Flush the toilet and put a thin layer of Vaseline on the black plastic lip of the flush valve.
Then move the rubber back and forth to spread it across it's sealing surface.

Fill it up and dye test. If dye enters the bowel your flush valve is defective or you may have a bad seal between it and the upper part of the tank.

You did replace all of the flush valve not just the rubber part right?


----------



## simeltzer (Jan 21, 2011)

Fairview - yes, I have tried closing the supply off a couple of times. The water level only seems to drop 1"-2", but not to the level of the valve seal. Also, the systems seem to occur regardless of wether the lid is on or not. 

Ghostmaker - I did ultimately replace the whole valve with the factory installed seal. Wouldn't dye testing it be effective without doing the vaseline thing? If it needs vaseline to seal, then it aint working properly, right?


----------



## davidblackwood (Jun 13, 2013)

When it comes to problems such as this you need to replace absolutely everything. 

This requires a complete re-build

That means you need to replace every seal within the toilet. 

You are going to remove the flush valve and flush assembly. You need to replace both of them. 

You are going to need to replace the tank to bowl gasket and tank to bowl bolts. 

You need to replace the flapper and the toilet flush handle. 

You are going to have to do all this because when they don't stop running there is pitting on the parts and they need to be replaced. 

When you take the tank off. Take it outside and spray it with the garden hose to remove any sludge. 
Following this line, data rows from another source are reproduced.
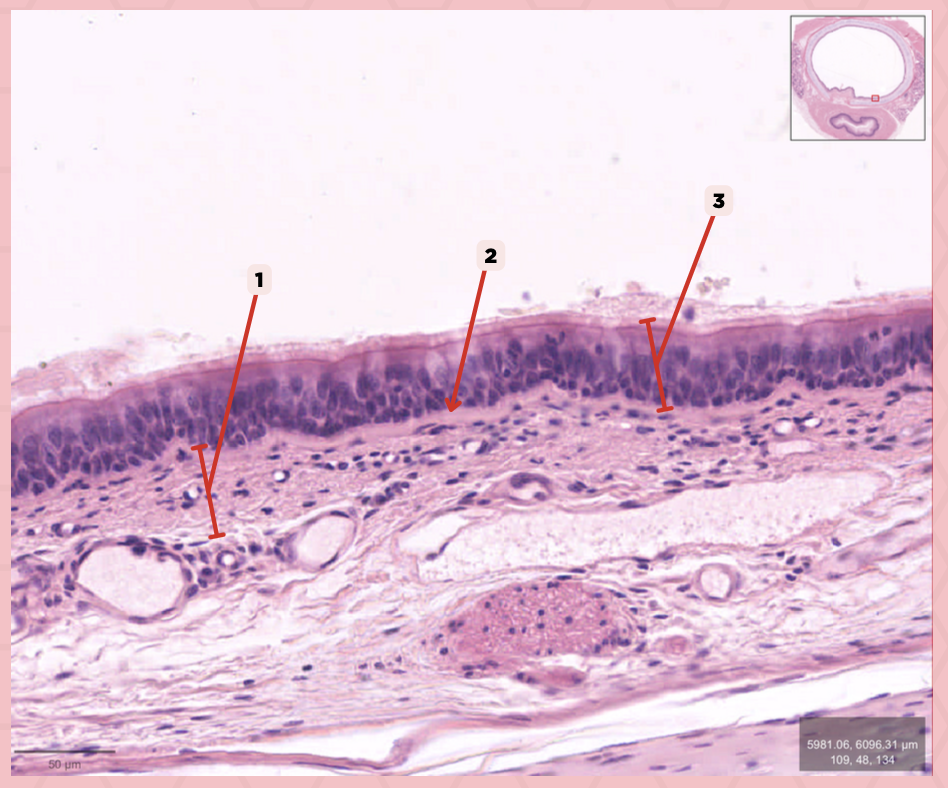 <p>Identify the structure labeled as 3.</p>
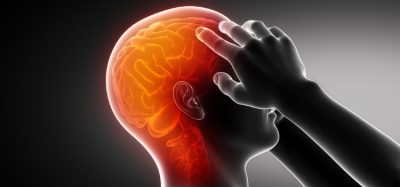 NICE recommends oral migraine treatment for first time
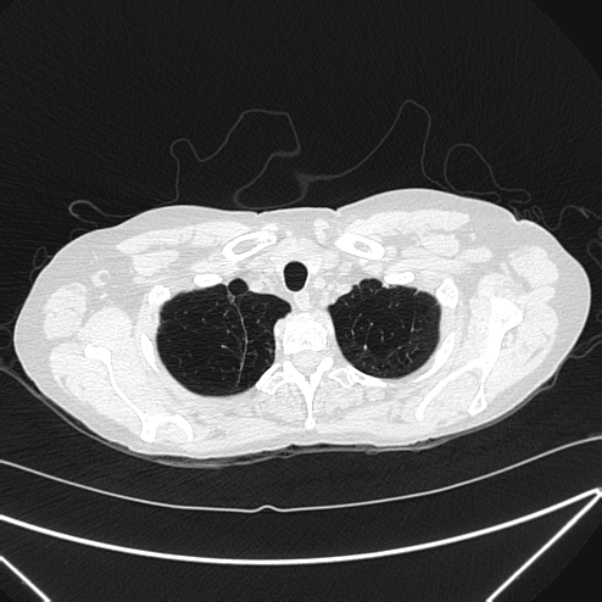 Centrilobular pulmonary emphysema (Radiopaedia 24495-24789 Axial lung window 8).jpg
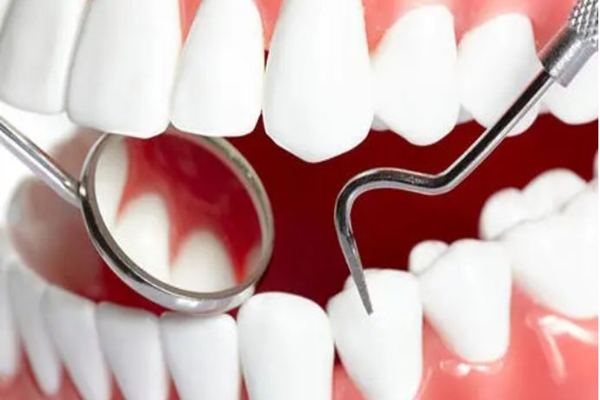 洗牙要多長時間 洗牙會導致牙齦萎縮嗎 洗牙要多長時間 洗牙會導致牙齦萎縮嗎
Re-Assemble it with the highest quality parts. 

The flush valve you have there is the cheap fluidmaster from the Home Depot. 

Get rid of it

Purchase a Korkey fill valve. 

Only by doing all these things can you ensure the toilet will work properly.


----------



## Ghostmaker (Mar 2, 2013)

The Vaseline may soften the rubber enough to make it seal.
But from the sound of it your flush valve is defective return it for a new one.


----------



## COLDIRON (Mar 15, 2009)

It's rare but I have noticed a couple valve seats defective, it's hard to tell and it's tricky because who would think a plastic flapper seat would wear out? They do . Go buy a korky (as recommended) complete rebuild kit for 25 or 30 bucks and rebuild the whole toilet and quit messing around with all that online stuff and piecemealing parts. Remember never over tighten toilet parts one of the most problems people do. Sorry forgot you have worked on many toilets in the past. Good luck.


----------



## simeltzer (Jan 21, 2011)

So..... as to the advice of a rebuild of sorts. I too think/thought this was needed, that is why I went ahead and replaced the entire flush valve assembly with factory installed seal. While I did order this piece on the internet, it is the OEM part from American Standard. I replaced all flush valve seals, as well as tank gaskets and mounting bolts (everything but the fill valve, which I cleaned and reinstalled). I am not sure why I would need to replace the handle. Also, as mentioned, the flush valve is not a cheap fluidmaster part. Although the vaseline may do something, I hate to go through all of this, just to "rig it up." I have found a Korky part that is not the same as the AS, but would fit my toilet and could possibly solve the issue. IMHO I think the seal is the problem and is sometimes seating and sometimes not, thus the intermittent slow leak. I will keep y'all posted, thx again for the help.


----------



## eharri3 (Jul 31, 2013)

I ran into this problem after I replaced a flapper. I had to keep messing around with the water level. Finally realized where the water line was and when I put it right on the dot the toilet stopped running. Too much or too littler water and it can cause the water to leak out.


----------